Excerpts from a text by Bernard Ceysson written for the exhibition Item :
[…] Claude Viallat is not a visionary artist of a bright future where art would be over. This creation is one of repetition, defining its own time as the space covered by the impregnator extends.
[…] Claude Viallat creates these objects with his own hands, without the help of tools, without what Michel Guérin refers to as "a third hand." Just as perhaps the first hominids did? But one can assume they quickly used whatever was within their reach to break, cut, or pierce. What Claude Viallat is experimenting with are the limits, as he has done, does, and redoes in painting, of the status of what he creates: an object or a work of art each time brought back to an uncertain origin of knowledge.
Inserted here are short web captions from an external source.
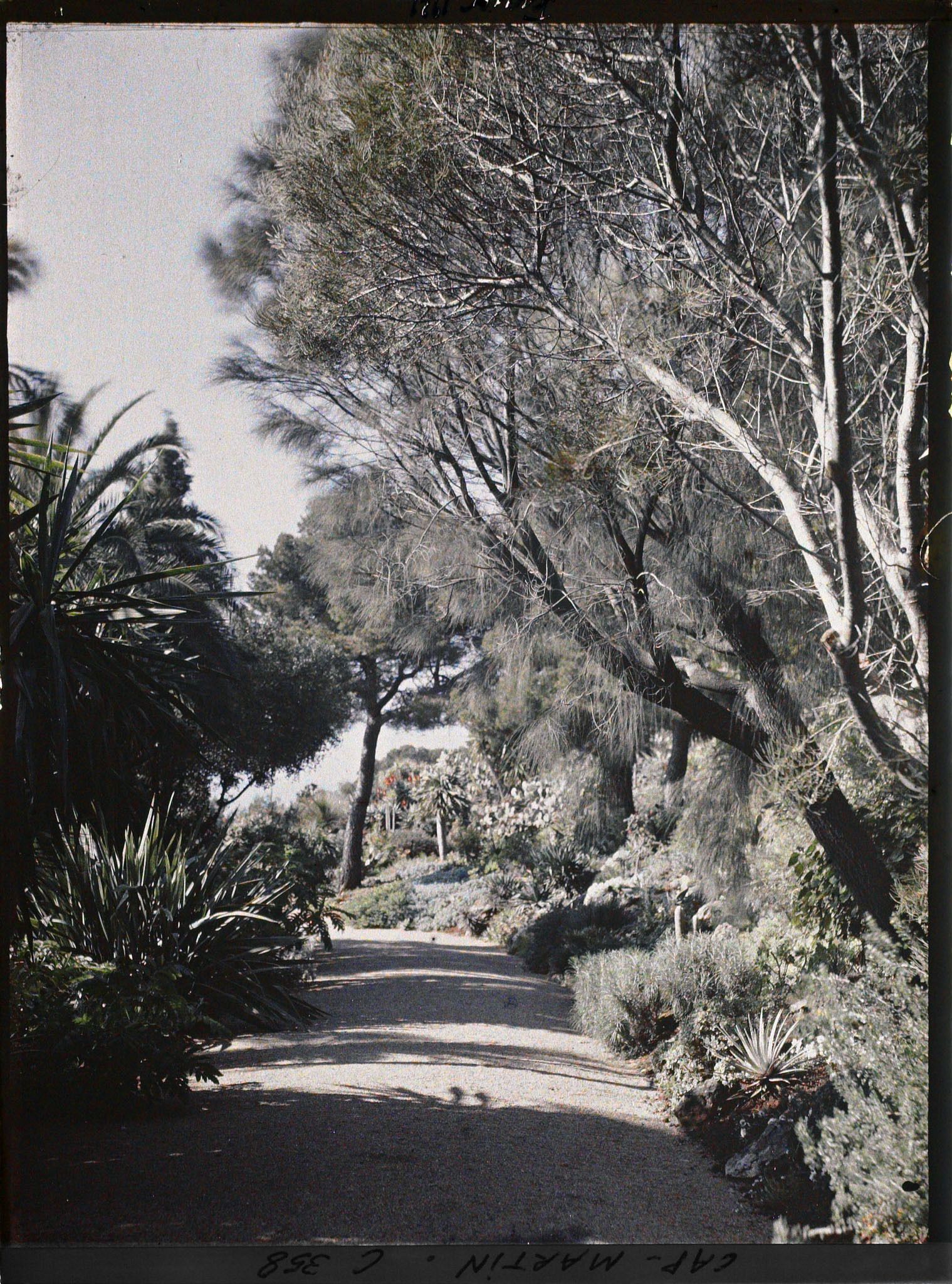 Image représentant Une allée du jardin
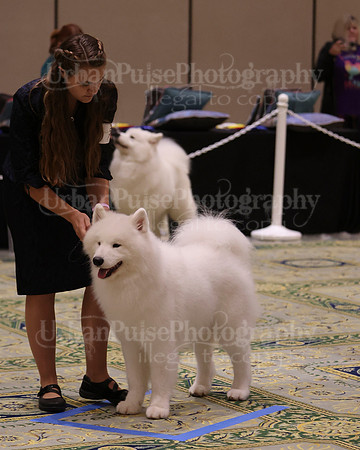 SCA2023_D12-18-3409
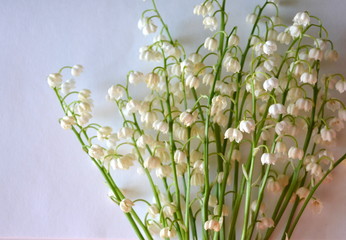 beautiful delicate elegant flowers lilies of the valley on a white background. moc up, postcard. spring freshness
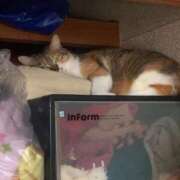 ヒメ日記 2025/06/21 17:00 投稿 すず SUZUME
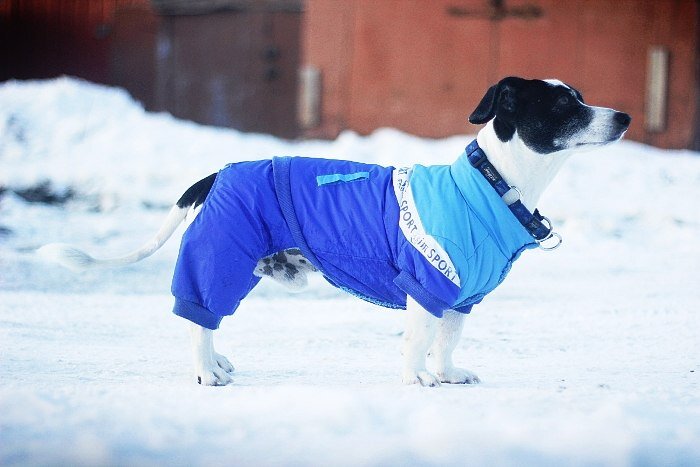 Фотоотзыв от клиентов нашего зоомагазина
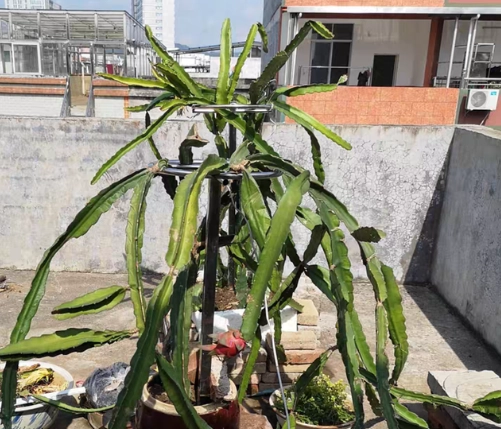 盆栽火龍果種植 盆栽火龍果種植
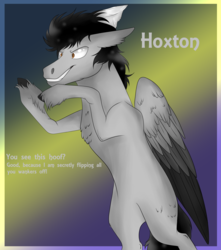 Size: 2832x3209 | Tagged: safe, artist:neonaarts, oc, oc only, oc:hoxton, high res, text
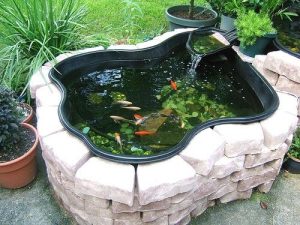 Hướng Dẫn Cách Làm Hồ Cá Bằng Xi Măng, Chống Thấm Chuẩn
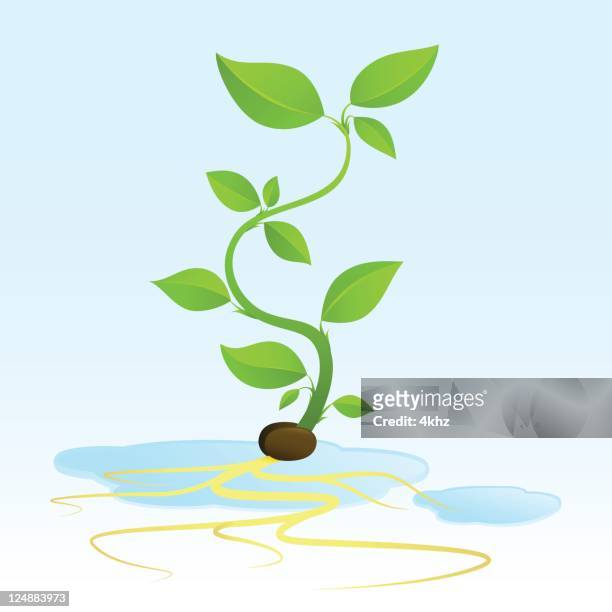 hydroponic sprout growing from seed with roots - puddle stock illustrations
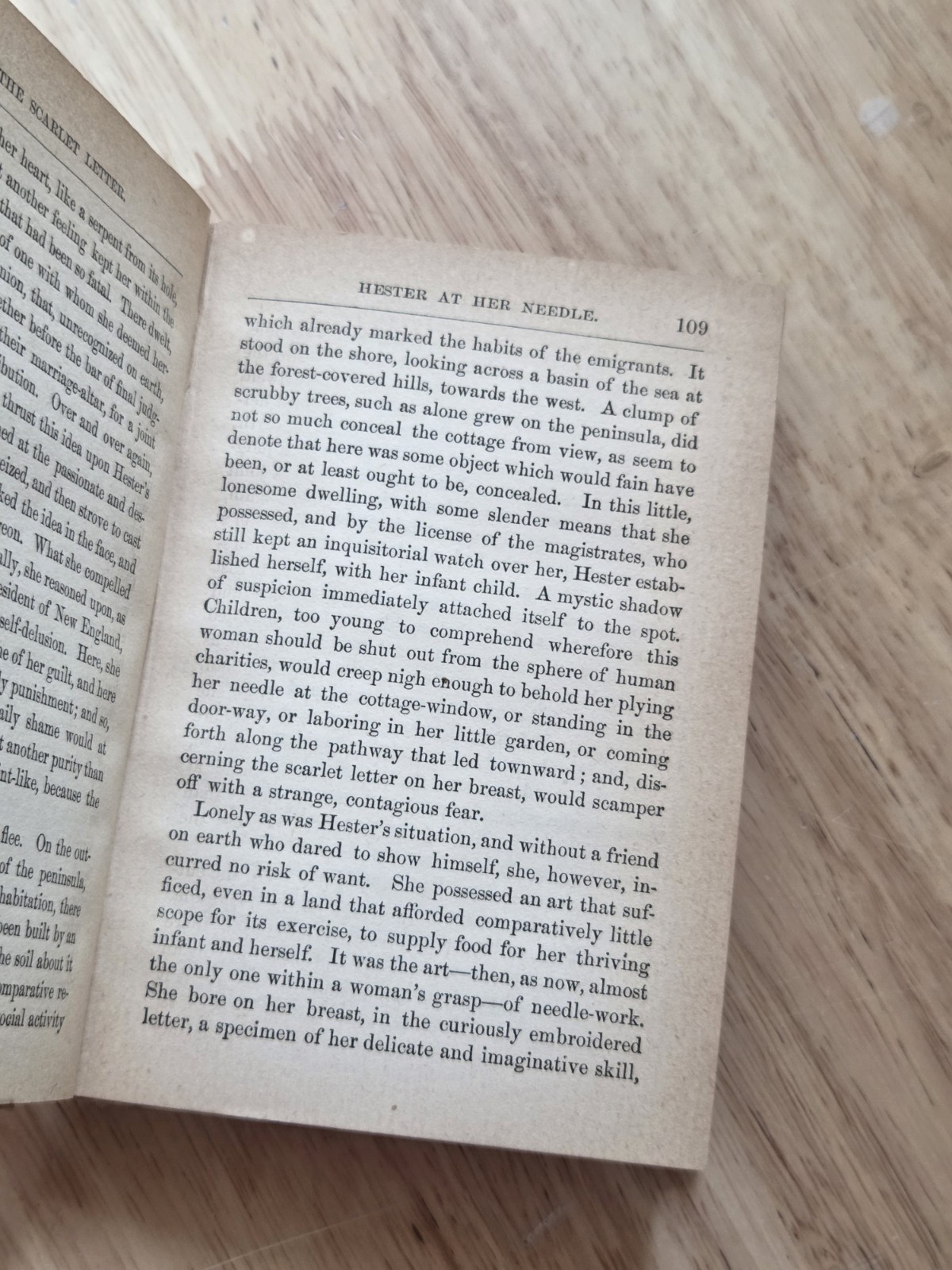 The Scarlet Lette Nathaniel Hawthorne 1892 Edition Henry Altemus Vintage HC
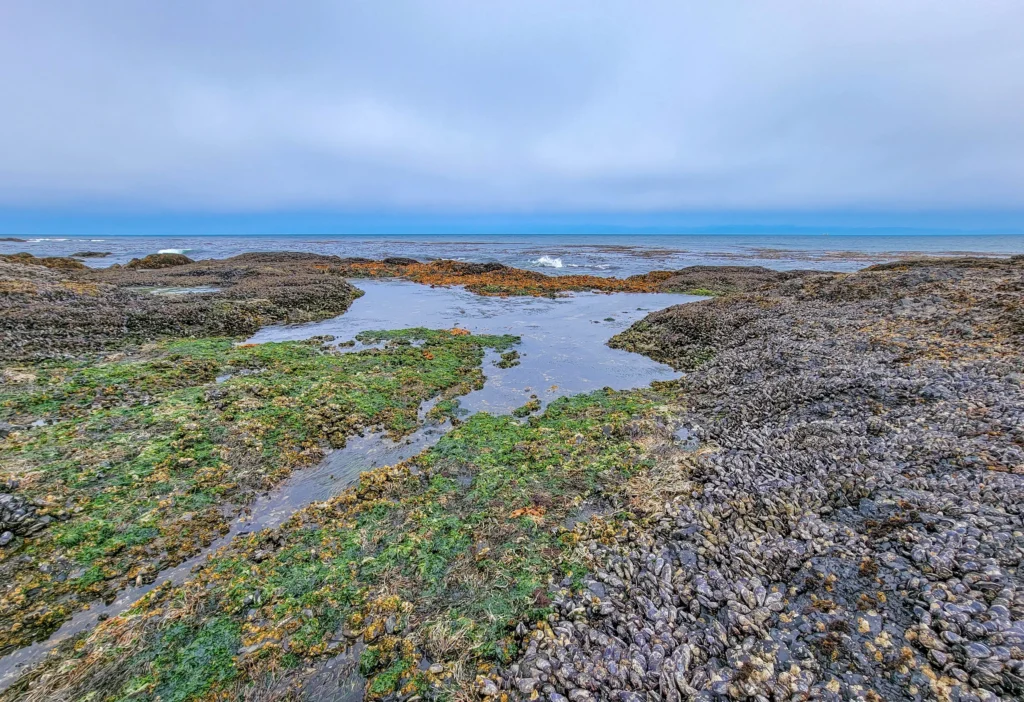 Tidepools and mussel beds at Tongue Point, Salt Creek Recreation Area, Washington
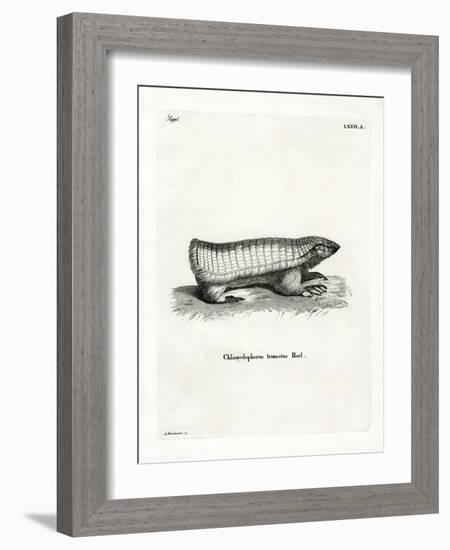 Pink Fairy Armadillo-null-Framed Giclee Print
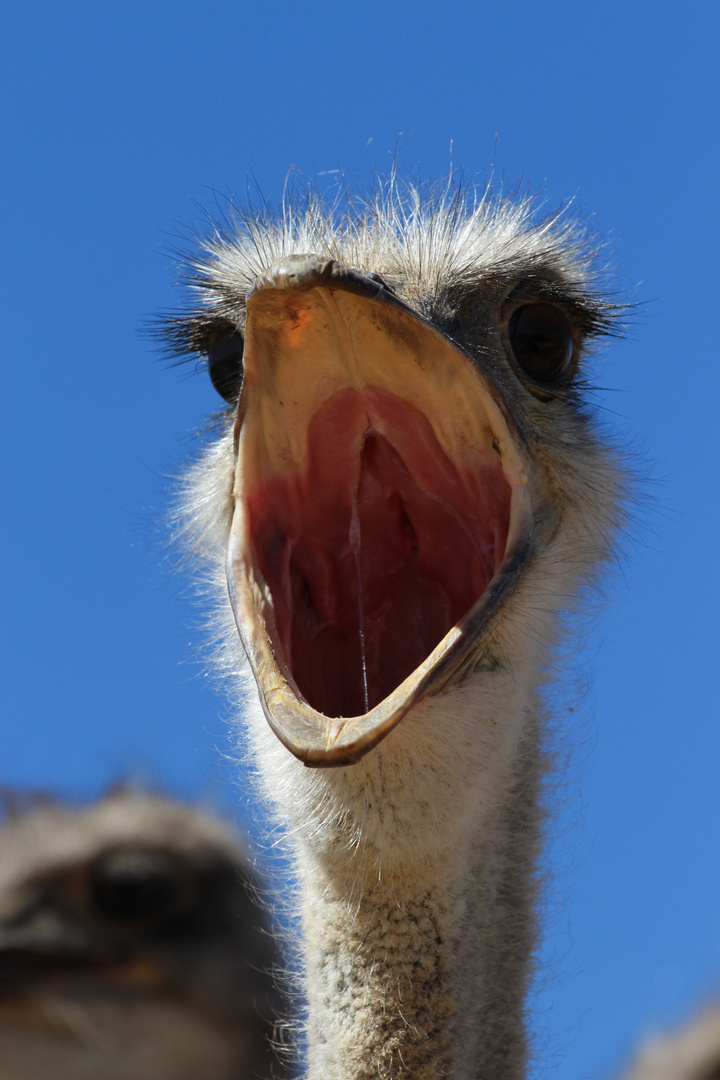 Ostrich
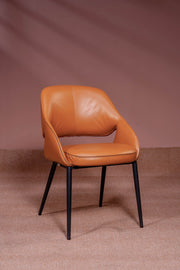 Aro Contour Dining Chair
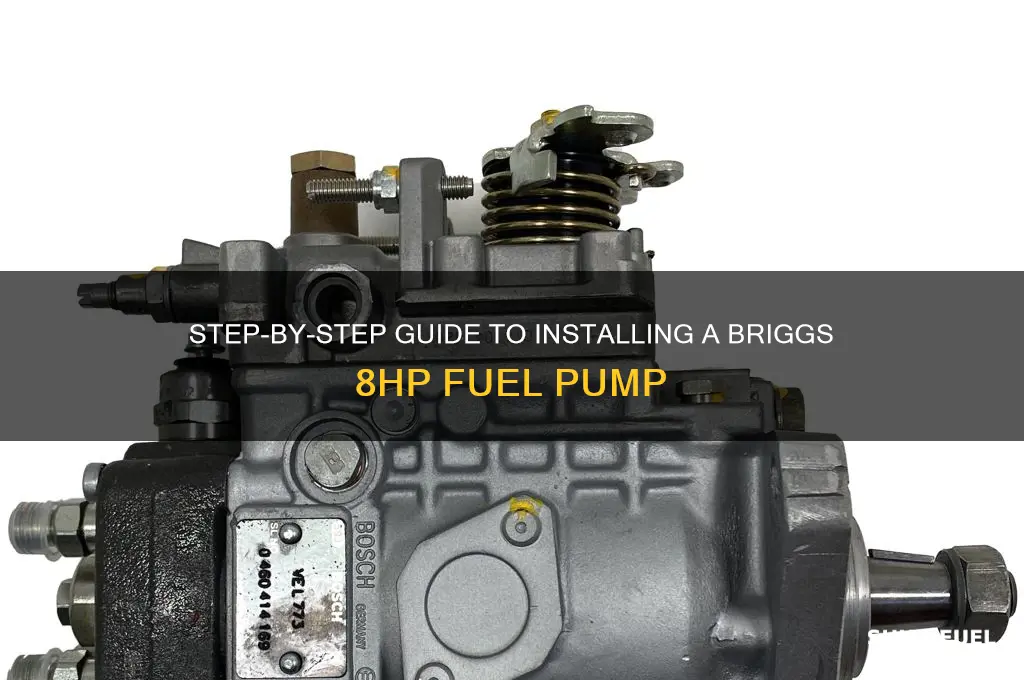 how to install briggs 8hp fuel pump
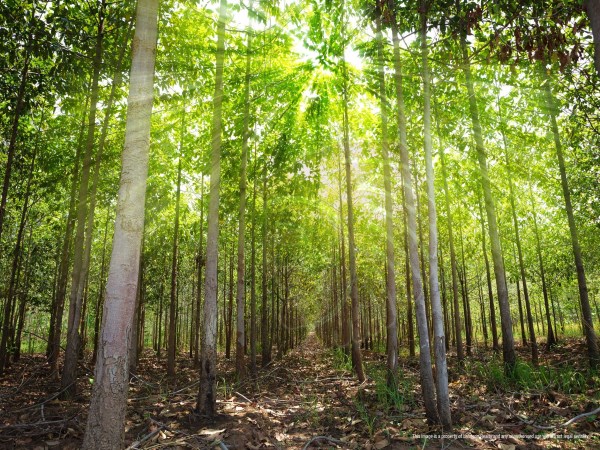 Here are the pest attack and prevention methods in teak wooden nurseries ...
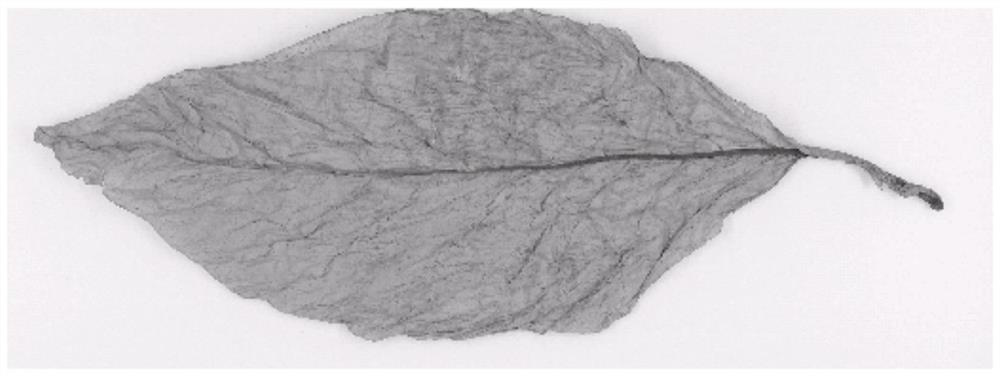 Tobacco leaf image quality evaluation method, system, memory, and electronic equipment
[…] In his cognitive approach, Claude Viallat does not view his objects as merely those that emerged from prehistory, uncovered by archaeological excavations. They are, for him, first and foremost evocative of those made by primitive societies in survival, withdrawn into a self-sustaining economy to protect themselves from the invasive modernity of civilization. In this sense, his objects pertain to a daydream, a sort of universal imaginary anthropology. He connects his production of objects less to a return to prehistory than to the emergence of architecture based on tying, braiding, and assembling.
[…] The making of such objects, Claude Viallat assured me, does not require artisanal knowledge. It belongs to a practical knowledge, which allows me to view them as suited for shamanic, magical, or ritualistic purposes. Most of the objects crafted by his hands using precarious components are first objects for survival, defense, hunting, and attack: traps, mostly, derived from what Claude Viallat calls "the principle of the bow, counterweight, and torsion." All of these objects exist only because of the balance stabilizing the assemblage of their material components.